Bristol, well known for its recent investment in cycling infrastructure, saw a growth rate of 63.4% to a 7.5% share.

This was all before the Wiggo and Olympics effect.

Elsewhere in Europe, you can find figures of 40% in the best performing city in the Netherlands, Groningen, or 35% in Denmark's Copenhagen.

The figures are all contained in the Get Britain Cycling report, the work of an all-party parliamentary group which earlier this year stated that there was a potential to increase cycling to 30-40% of all journeys.

The cost, it said, was in the order of £10 to £20 per head of population per year, which would simply accord with cycling having the same share of resources that it currently does of total travel, 2%.

There is no clarity as to the amount spent in Guernsey compared with the transport budget, something that is needed for all forms of travel, but remember that bus travel, which accounted for 10% of work journeys, gets a £2.4m.-plus yearly subsidy.

The benefits and payback of investing in cycling can be measured in many ways. They include falling pollution levels, cutting congestion, reduced damage to the roads and so less maintenance and, maybe the one that has the most telling impact on society, health.

Not enough is known about why there is a reluctance among people to cycle in Guernsey because, again, insufficient research has been done.

At first glance, the environment should be right for a cycling boom – a low speed limit, short distances, relatively flat for many and a chance not to have to worry about the mad dash for parking endured by commuters.

Some of it may be cultural, some of it driven by safety, primarily because of the sheer volume of traffic at times and the behaviour of the few.

What cycling infrastructure there is in Guernsey does not always inspire confidence. For example, who knows how exactly you are meant to get on and off the cycle path in Town – an advance stop line for cyclists heading onto the roundabout from the path would help and has been used successfully elsewhere.

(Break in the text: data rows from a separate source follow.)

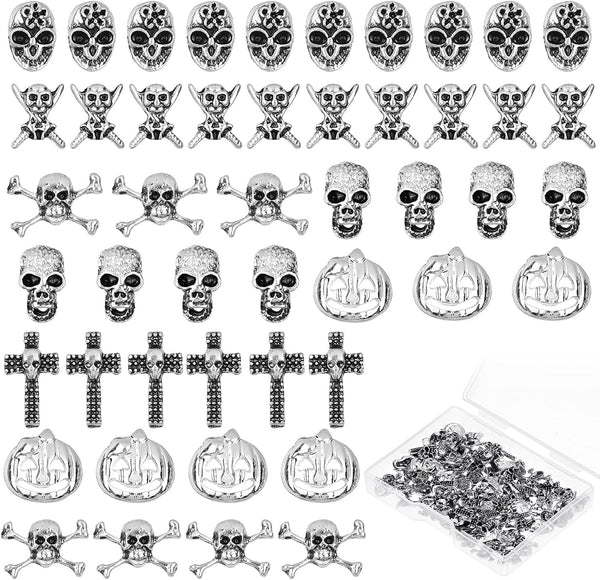 Queekay 90 Pcs Halloween 3D Nail Charms - Vintage Skull Pumpkin Cross Skeleton Jewelry Decor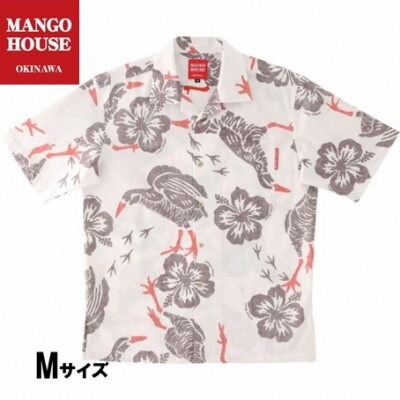 【マンゴハウスのかりゆしウェア】メンズ　Mサイズ　オフブラウン　ヤンバルクイナウォーク　251168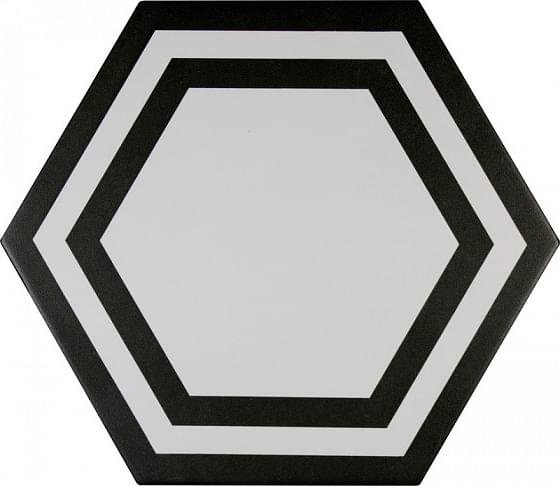 Adex Pavimento Hexagono Deco Black 20x23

Perhaps they may even think about moving the bin near the Salerie that causes pedestrians to step into the cycle path?

The lanes around the Baubigny school are misunderstood by some motorists because there is no clear signage that states the cycle path is itself one-way in the opposite direction.

There are also opportunities that have been lost.

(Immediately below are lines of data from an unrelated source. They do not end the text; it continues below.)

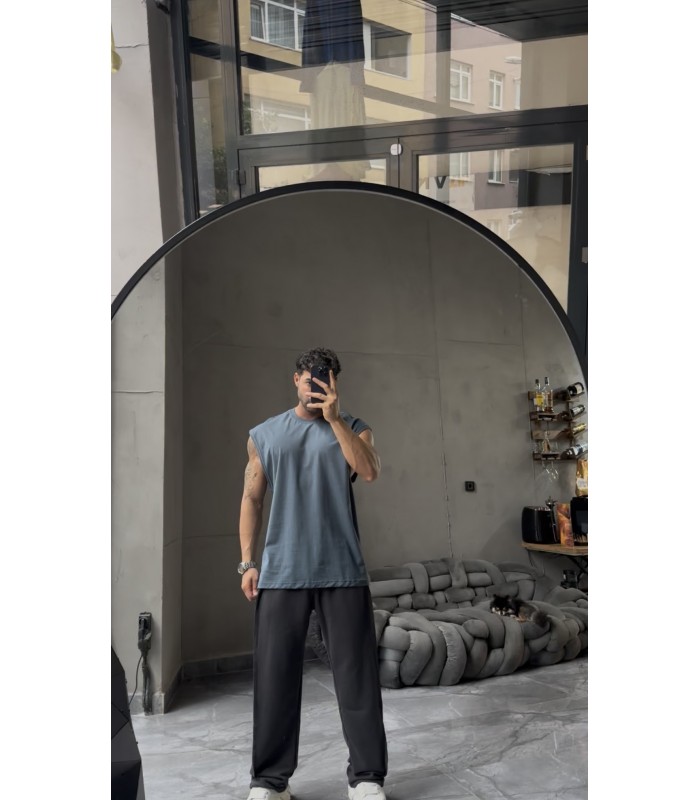 BİSİKLET YAKA OVERSİZE SIFIR KOL TSHIRT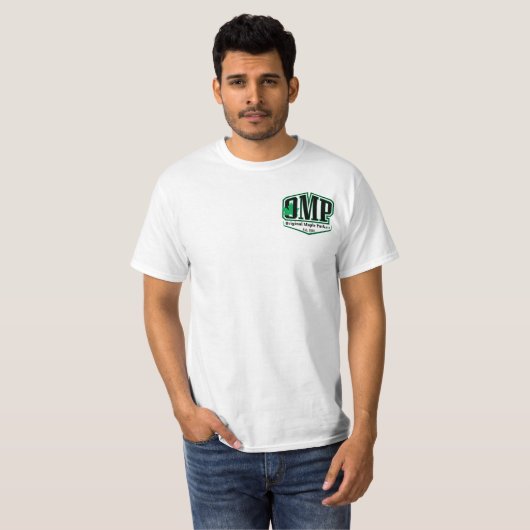 2-seitiger weißer OMP-T - Shirt (Vorne ganz)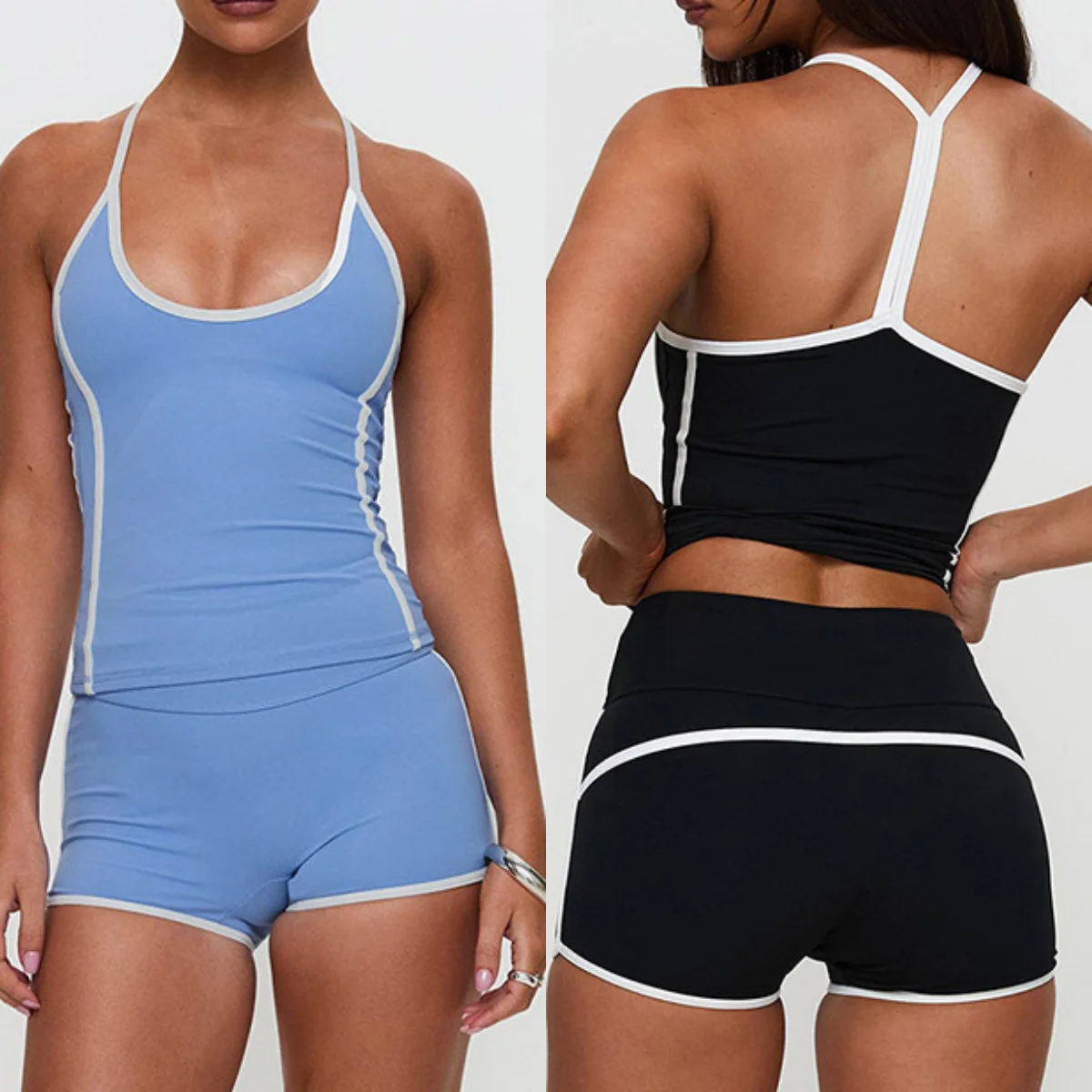 

2 Pieces Yoga Set spicy girl Workout Outfits Fitness Sportswear Gym High Waist shorts Sports Bra tank top Athletic Wear Women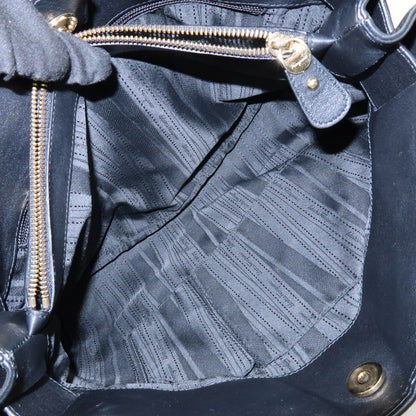 Salvatore Ferragamo W Chain Leather, Black, Leather, Tote Bag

The Guernsey Housing Association's Bouet development could have provided a cycling route to get onto and off the seafront.

The paths that Living Streets' walking route uses, if properly surfaced, could be a great way for those coming from inland to get through to Victoria Avenue and then onto the cycle path.

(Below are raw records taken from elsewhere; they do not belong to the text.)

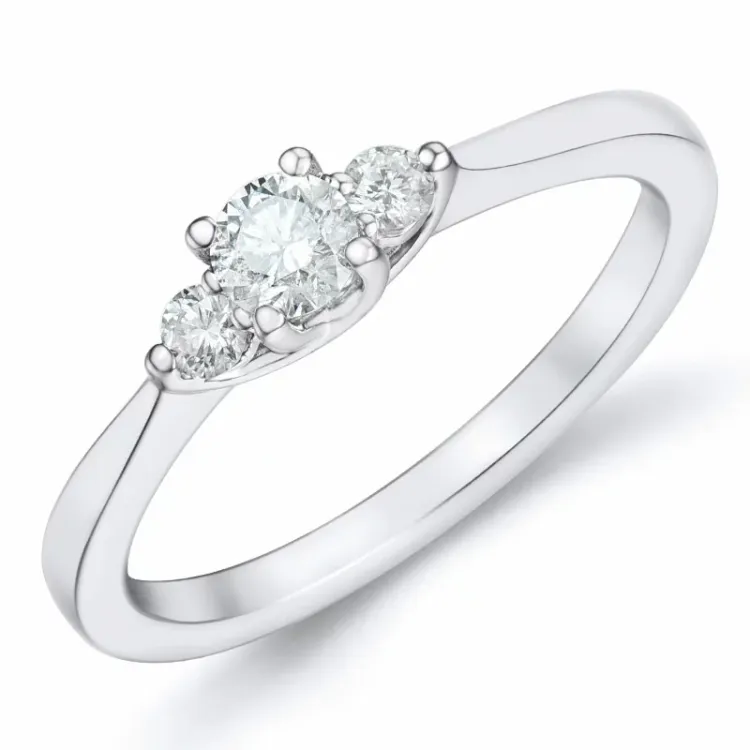 diamant ring in 14 karaat witgoud 0,20 ct 0,102 ct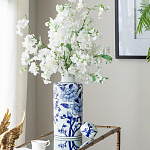 Ваза цилиндрической формы с крышкой и синим цветочным узором на белом фоне Blue & White Ornament варинант исполнения - 5 | Loft Concept в Казани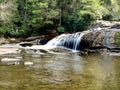 Swallow Falls State Park in the fall in the mountains of Maryland with the creek and waterfalls flowing, cascading in nature Royalty Free Stock Photo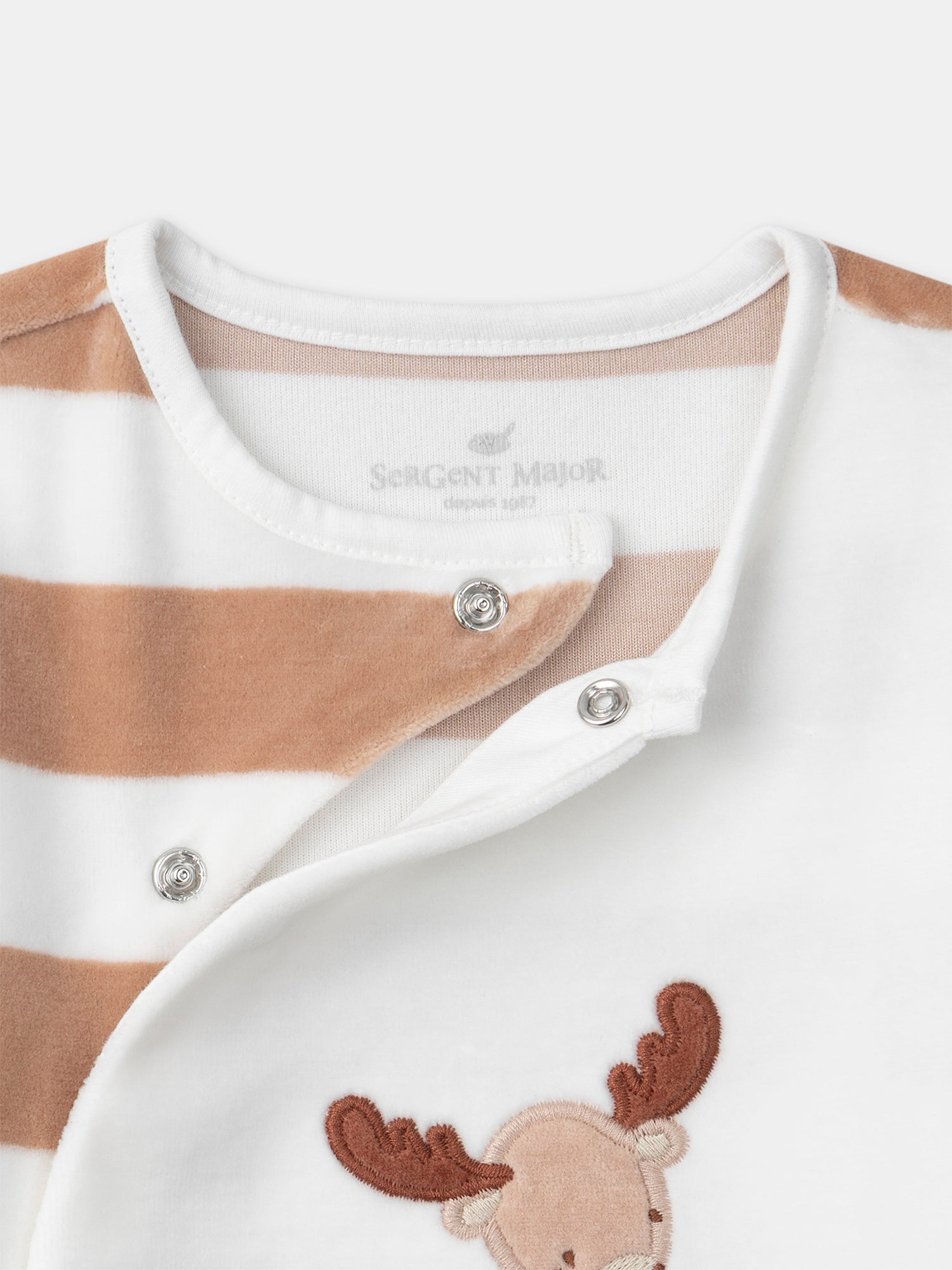 Brown Striped Velour Sleepsuit for Boy's Birth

Just look at an aerial view of Guernsey and there are opportunities, if you could ever get landowners' agreement, to create cycling routes away from traffic.

But it should not all be about hiding cyclists away on elevated paths or behind hedges – you should, as you can in France, for instance, be able to cycle in safety – that is enshrined in its law.

Infrastructure goes beyond getting from A to B and should include the facilities when you get there, whether that is changing areas or safe and dry places to lock and store bikes – and the States has the opportunity to lead not only with planning requirements but with its own developments.

Education, enforced through the driving test, and in schools, is key to a greater understanding of the frustrations of both drivers and cyclists.

Politically, nobody has ever really pushed cycling forward.

It has relied on the voices of enthusiasts to promote it, but there is only so much they can do.

The Get Britain Cycling report said many have grown up thinking that cycling was of small significance compared with the great questions of cars, traffic and public transport, or the universal significance of walking.

'We were wrong,' the author Phil Goodwin says in the report.

'The evidence demonstrates quite clearly that, in the words of one witness to the inquiry, Andy Salkeld of Leicester City Council, cycling is the mode of transport "on the cusp of greatness".'

The danger is that in the latest debate on Guernsey's transport strategy, the potential of cycling is lost as it descends into yet another argument about paid parking and the bus service.